There is some merit in this claim; classroom discussion is enriched by diversity of judgment and conviction. But skin color has little to do with that. Universities do well to attract a variety of perspectives among students and faculty: Marxists and libertarians, Christian fundamentalists and atheists, even (heaven forfend!) Republicans. But in fact this kind of consequential diversity is not vigorously sought. More than half the citizens of Michigan who express a party preference are Republicans, but on our faculty at the University of Michigan (and at nearly all selective institutions) they are rare indeed.
The diversity that race preference advances, on the other hand, has virtually no intellectual merit. The children of upper-middle-class black and Hispanic families who are the chief beneficiaries of race preference add very little diversity to the cauldron of opinions in our classrooms. So, in the first place, whatever merit diversity may actually have, it cannot serve to justify preference by race.
But suppose that variety of skin color, plainly irrelevant in most contexts, really did improve classroom discussions in some contexts. Courses in criminal law are the tired example commonly put forward. Would that justify deliberate race preference?
Racial discrimination, of which my university’s practice is one indubitable example, is morally wrong; we all know that very well. It is, as the Supreme Court has said on many occasions, an “odious” practice, not to be tolerated in a good society unless required by the most extraordinary circumstances. Does the modest improvement of classroom discussions in atypical contexts (supposing it is real) justify a public university’s employing deliberately discriminatory devices on a large scale? Surely it does not.

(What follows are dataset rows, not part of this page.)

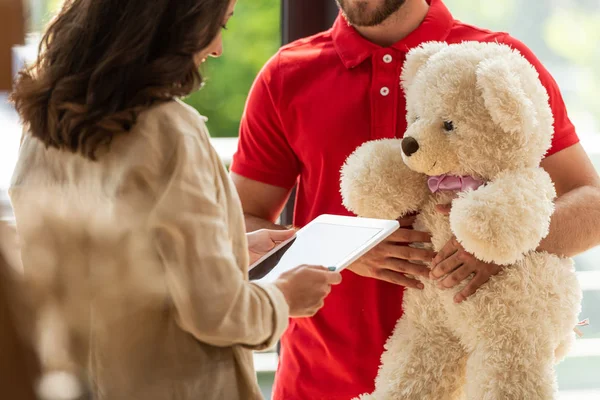 Vue recadrée de la femme tenant tablette numérique près de l'homme avec ours en peluche — Photo de stock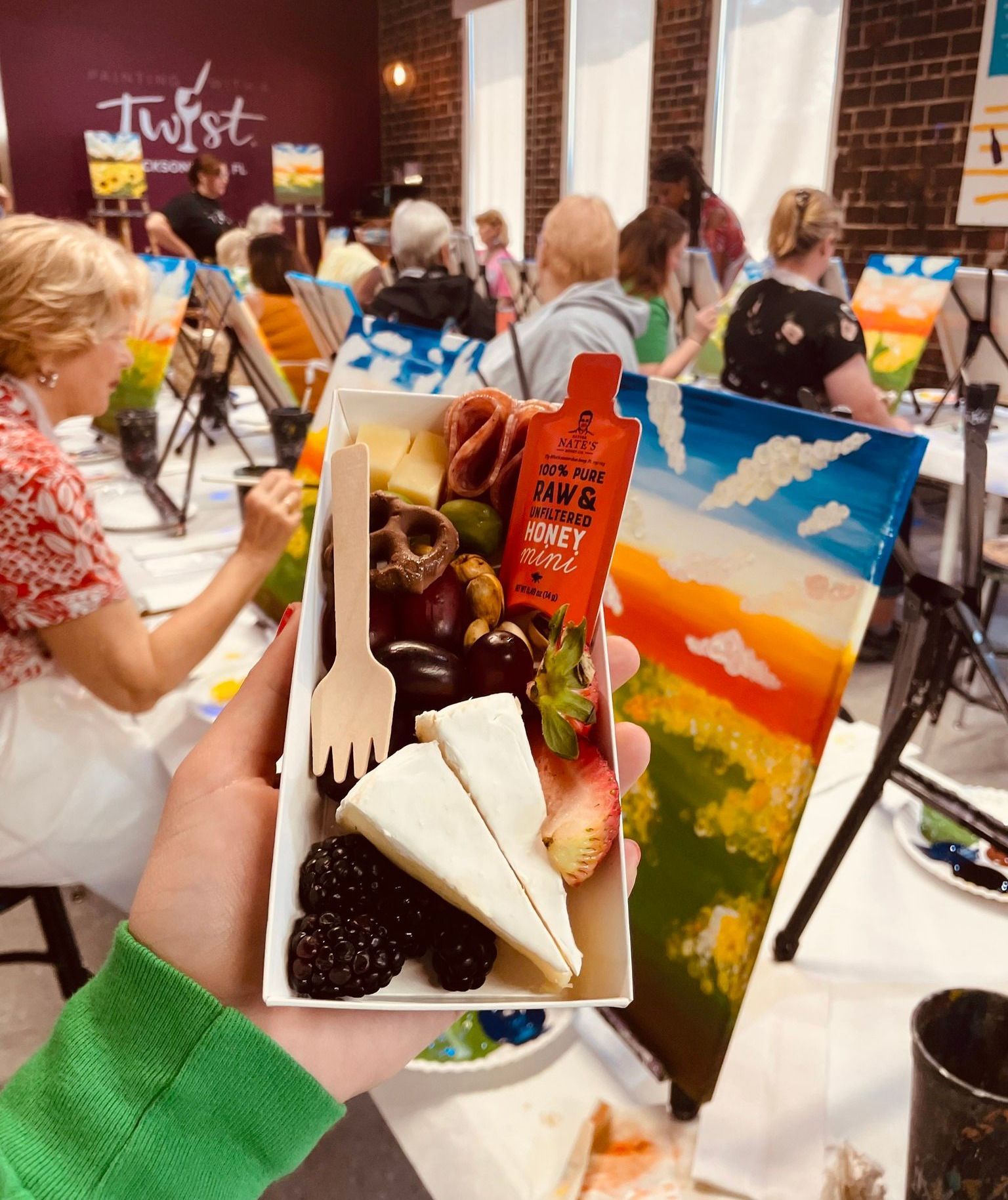 A person is holding a box of food in front of a painting.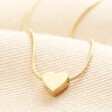 Stainless Steel Mini Heart Pendant Necklace in Gold on a neutral background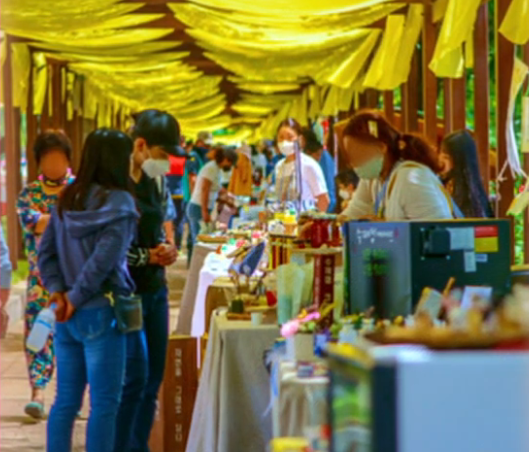 곡성역 앞 뚝방로에서 매주 토요일 열리는 뚝방마켓. 임원자 대표가 10년간 지켜온 이 공간은 노란 천막 아래에서 장터이자 문화 현장으로 자리 잡았다.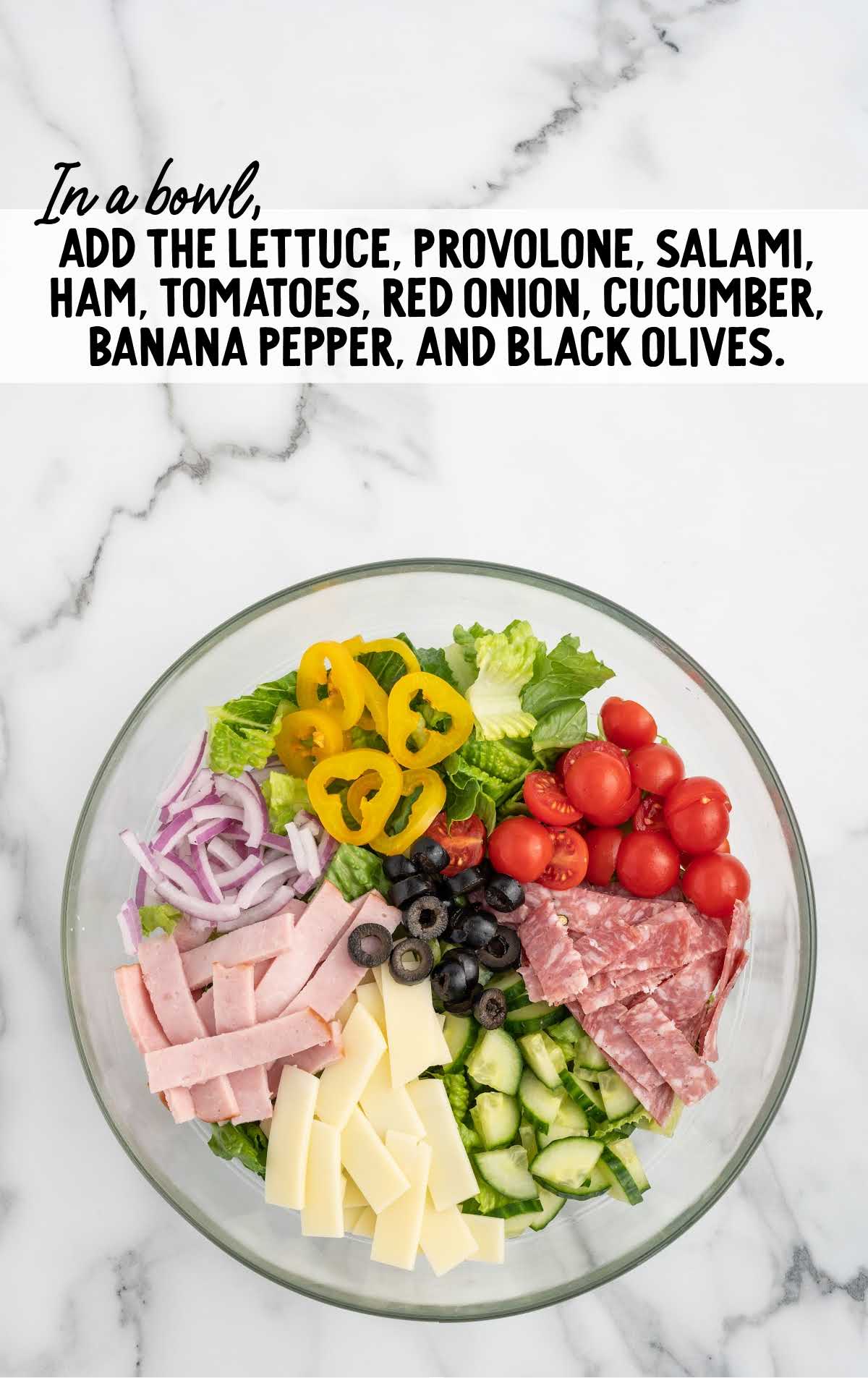 lettuce, provolone, salami, ham, tomatoes, red onion, cucumber, banana pepper, and black olives combined to a bowl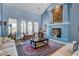 Spacious living room with fireplace and a large window to an outdoor patio area at 6230 Calm Brook Ct, Las Vegas, NV 89149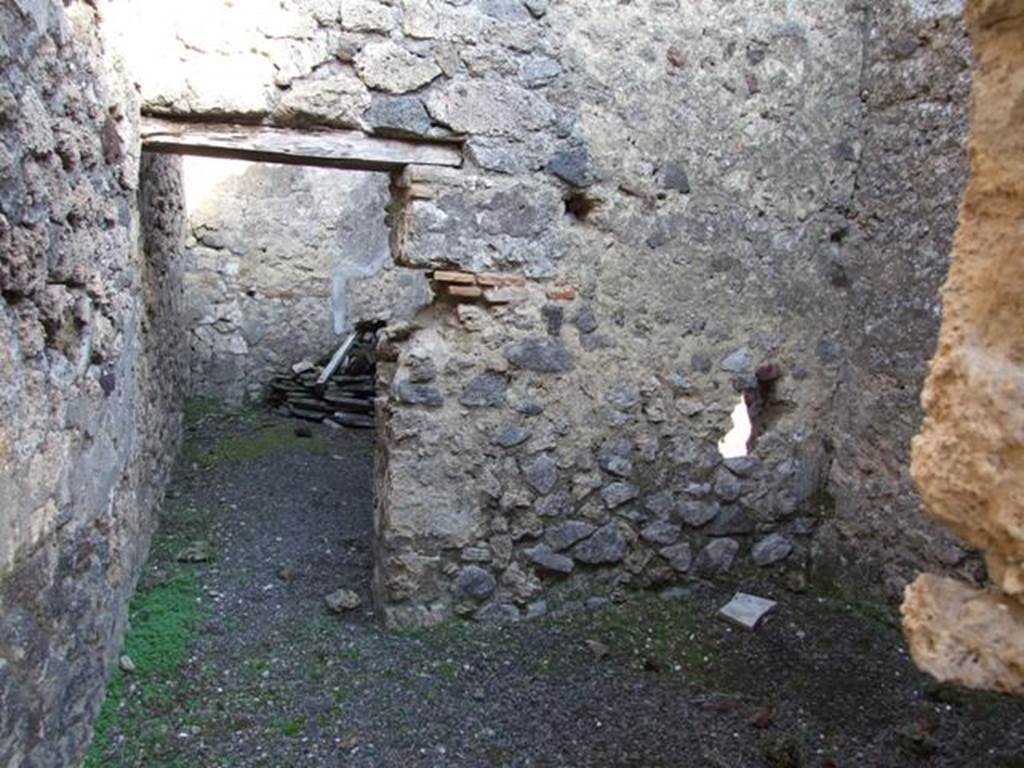 V.2.c Pompeii. December 2007. Room “c”, which was once the kitchen. 
Looking towards rear of room and doorway to room “d”.
In the south-west corner were traces of lararium painting.
In the south-east corner, between the two doors, was a fusorium, missing its hearth, probably, removed in antiquity. 
Also found were some amphora, one with the inscription in red M · I · L, and six others with inscriptions, a small amphora and a bowl made of clay.

Also in this house, according to Boyce, there was a second faded lararium painting in the south-west corner of the second room behind the bar. [=”c”?]
Each wall in the corner, the south and the west, had a panel of white stucco. 
On each was painted a serpent approaching the altar.
Presumably, in the corner between them would have been the altar. 
Above the serpents were garlands.
See Boyce G. K., 1937. Corpus of the Lararia of Pompeii. Rome: MAAR 14. (p.36, no.100).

Suppose it were learned that racial discrimination made a very substantial contribution to the quality of education. Would that be enough? That was the genuine belief of the Southern states in 1954, resisting the integration of the public schools. They were able to bring, in support of the doctrine of “separate but equal,” a very great deal of evidence that segregation was good for majority and minority alike, much more solid evidence than the University of Michigan has registered in favor of its own form of racial discrimination. If those racists had been right, would we have been justified in retaining segregation for the sake of quality education? Of course not. The evidence that racial discrimination has very advantageous results was given, by the Supreme Court Justices in their unanimous decision in Brown v. Board of Education, all the attention it deserved: they ignored it.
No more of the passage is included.